Our analyses of myosin transgenic lines which mark different regions of the heart have led to the identification of a novel population of myocardial progenitor cells present in pharyngeal mesoderm (3). Explant experiments demonstrate their contribution to the formation of the outflow tract and right ventricle. Fgfs and regulatory factors such as Nkx2.5 mark this second heart field and their role is under investigation. A parallel approach, based on a retrospective clonal analysis, using mice in which the cardiac actin gene is targeted with an nlaacZ reporter, has demonstrated the presence of two myocardial cell lineages and provides new insight into the morphogenesis of the cardiac chambers (4). Further clonal analyses address lineage relationships between specific subregions of the heart.

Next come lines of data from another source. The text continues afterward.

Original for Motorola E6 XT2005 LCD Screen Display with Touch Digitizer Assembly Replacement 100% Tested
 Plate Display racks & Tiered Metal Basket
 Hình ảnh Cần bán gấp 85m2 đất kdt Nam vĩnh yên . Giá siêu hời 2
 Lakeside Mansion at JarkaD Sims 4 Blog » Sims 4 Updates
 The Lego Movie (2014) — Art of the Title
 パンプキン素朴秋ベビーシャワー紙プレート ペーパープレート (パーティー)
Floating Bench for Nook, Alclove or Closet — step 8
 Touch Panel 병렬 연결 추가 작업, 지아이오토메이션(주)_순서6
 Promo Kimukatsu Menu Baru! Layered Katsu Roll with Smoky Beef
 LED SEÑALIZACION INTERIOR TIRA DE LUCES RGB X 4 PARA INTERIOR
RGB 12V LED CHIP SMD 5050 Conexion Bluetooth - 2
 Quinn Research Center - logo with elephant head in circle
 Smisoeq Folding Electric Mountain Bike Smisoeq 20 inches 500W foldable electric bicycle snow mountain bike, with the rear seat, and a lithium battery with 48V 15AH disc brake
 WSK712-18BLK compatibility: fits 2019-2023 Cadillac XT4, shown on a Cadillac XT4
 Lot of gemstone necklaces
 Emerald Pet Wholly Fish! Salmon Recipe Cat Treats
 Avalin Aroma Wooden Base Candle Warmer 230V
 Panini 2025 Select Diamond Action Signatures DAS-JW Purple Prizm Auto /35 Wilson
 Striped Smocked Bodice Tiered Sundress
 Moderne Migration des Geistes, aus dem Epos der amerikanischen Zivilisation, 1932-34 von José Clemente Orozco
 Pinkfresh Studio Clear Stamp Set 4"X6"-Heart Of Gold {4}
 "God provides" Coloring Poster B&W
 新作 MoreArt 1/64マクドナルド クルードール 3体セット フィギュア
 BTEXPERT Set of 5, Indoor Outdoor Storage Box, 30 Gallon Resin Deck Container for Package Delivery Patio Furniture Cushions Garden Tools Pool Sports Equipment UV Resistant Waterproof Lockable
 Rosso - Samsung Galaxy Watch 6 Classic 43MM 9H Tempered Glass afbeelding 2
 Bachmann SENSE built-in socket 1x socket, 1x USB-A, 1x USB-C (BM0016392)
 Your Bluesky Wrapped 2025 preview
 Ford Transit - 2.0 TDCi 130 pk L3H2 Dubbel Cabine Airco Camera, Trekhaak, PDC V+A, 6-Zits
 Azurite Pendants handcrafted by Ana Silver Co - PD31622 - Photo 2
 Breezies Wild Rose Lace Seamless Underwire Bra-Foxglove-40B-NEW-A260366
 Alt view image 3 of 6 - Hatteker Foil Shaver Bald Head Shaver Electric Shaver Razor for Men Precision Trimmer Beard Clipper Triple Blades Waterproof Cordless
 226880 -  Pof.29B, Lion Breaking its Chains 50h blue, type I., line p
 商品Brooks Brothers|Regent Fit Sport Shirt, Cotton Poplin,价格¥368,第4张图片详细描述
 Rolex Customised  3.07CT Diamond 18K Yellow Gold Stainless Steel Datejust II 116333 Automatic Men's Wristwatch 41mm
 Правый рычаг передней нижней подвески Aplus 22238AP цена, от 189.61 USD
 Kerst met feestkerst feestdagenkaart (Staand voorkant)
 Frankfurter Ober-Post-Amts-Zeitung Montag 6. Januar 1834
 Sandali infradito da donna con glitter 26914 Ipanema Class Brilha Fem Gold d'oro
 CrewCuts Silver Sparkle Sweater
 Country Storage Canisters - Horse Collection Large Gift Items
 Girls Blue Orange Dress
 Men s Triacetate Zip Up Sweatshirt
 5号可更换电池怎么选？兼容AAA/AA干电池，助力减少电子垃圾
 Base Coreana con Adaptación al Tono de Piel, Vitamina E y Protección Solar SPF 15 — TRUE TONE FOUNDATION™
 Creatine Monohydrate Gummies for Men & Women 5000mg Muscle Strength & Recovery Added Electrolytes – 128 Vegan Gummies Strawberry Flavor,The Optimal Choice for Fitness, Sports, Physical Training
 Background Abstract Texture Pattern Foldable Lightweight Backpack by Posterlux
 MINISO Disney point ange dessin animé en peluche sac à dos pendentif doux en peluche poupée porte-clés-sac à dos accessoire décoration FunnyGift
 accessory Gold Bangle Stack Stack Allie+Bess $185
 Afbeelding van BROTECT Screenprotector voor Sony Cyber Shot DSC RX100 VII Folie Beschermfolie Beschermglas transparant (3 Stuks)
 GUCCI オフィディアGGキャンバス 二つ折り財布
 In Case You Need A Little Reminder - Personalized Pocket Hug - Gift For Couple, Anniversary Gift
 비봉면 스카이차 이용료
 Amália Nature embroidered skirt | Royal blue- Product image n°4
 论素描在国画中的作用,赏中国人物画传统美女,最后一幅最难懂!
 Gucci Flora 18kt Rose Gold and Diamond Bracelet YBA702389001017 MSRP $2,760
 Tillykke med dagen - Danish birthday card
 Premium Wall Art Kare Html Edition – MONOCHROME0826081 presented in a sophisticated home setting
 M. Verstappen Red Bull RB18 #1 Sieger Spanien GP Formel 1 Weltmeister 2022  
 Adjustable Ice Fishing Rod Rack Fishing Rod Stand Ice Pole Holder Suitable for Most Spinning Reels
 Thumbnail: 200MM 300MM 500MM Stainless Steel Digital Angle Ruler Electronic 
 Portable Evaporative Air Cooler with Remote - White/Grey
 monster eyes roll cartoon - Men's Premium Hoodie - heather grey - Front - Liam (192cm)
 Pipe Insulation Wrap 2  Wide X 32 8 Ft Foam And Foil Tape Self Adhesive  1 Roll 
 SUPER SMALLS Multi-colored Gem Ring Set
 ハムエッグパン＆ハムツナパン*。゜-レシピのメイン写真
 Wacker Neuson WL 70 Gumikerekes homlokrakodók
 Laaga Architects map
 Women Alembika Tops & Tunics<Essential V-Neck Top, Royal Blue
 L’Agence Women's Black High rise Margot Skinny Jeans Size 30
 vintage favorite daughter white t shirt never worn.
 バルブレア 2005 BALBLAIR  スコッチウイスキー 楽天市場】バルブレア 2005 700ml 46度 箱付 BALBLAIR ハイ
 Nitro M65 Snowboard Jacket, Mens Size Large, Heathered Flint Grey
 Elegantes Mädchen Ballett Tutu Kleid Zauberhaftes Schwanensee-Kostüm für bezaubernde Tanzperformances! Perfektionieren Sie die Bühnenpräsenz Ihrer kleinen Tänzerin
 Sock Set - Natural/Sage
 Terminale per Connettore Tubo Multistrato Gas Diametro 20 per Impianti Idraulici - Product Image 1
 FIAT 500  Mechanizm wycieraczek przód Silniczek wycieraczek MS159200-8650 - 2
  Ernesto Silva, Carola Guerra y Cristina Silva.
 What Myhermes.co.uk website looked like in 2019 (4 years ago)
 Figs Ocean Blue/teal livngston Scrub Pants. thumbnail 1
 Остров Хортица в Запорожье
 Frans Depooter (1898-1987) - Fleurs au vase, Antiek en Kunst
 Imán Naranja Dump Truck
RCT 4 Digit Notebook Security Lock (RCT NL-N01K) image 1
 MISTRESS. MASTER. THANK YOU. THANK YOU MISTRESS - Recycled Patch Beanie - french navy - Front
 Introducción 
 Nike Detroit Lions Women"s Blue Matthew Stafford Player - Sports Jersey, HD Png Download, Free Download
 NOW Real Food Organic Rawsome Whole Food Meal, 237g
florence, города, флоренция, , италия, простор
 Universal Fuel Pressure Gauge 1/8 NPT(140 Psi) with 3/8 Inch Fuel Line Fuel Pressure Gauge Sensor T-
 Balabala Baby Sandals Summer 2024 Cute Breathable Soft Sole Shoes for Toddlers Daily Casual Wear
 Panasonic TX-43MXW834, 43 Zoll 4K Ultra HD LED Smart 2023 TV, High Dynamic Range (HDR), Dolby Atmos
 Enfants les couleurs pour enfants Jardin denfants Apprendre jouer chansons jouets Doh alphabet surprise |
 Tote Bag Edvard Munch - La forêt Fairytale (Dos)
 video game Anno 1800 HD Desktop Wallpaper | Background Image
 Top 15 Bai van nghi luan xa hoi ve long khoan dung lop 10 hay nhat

Selected recent publications

(1) Hadchouel, J., Carvajal, J.J., Daubas, P., Bajard, L., Chang, T., Rocancourt, D., Cox, D., Summerbell, D., Tajbakhsh, S., Rigby, P.W.J., & Buckingham, M. (2003) Analysis of a key regulatory region upstream of the Myf5 gene reveals multiple phases of myogenesis, orchestrated at each site by a combination of elements dispersed throughout the locus. Development, 130, 3415-3426.
(2) Relaix, F., Rocancourt, D.,, Mansouri, M., & Buckingham, M. (2004) Divergent functions of murine Pax3 and Pax7 in limb muscle development. Genes and Dev., 18, 1088-1105.
(3) Kelly, R., Brown, N., & Buckingham, M. (2001) The arterial pole of the mouse heart forms from Fgf10 expressing precursor cells in pharyngeal mesoderm. Dev. Cell. 1, 435-440.
(4) Meilhac, S.M., Esner, M., Kelly, R.G., Nicolas, J-F., & Buckingham, M.E. (2004). The clonal origin of myocardial cells in different regions of the embryonic mouse heart. Dev. Cell, 6, 1-20.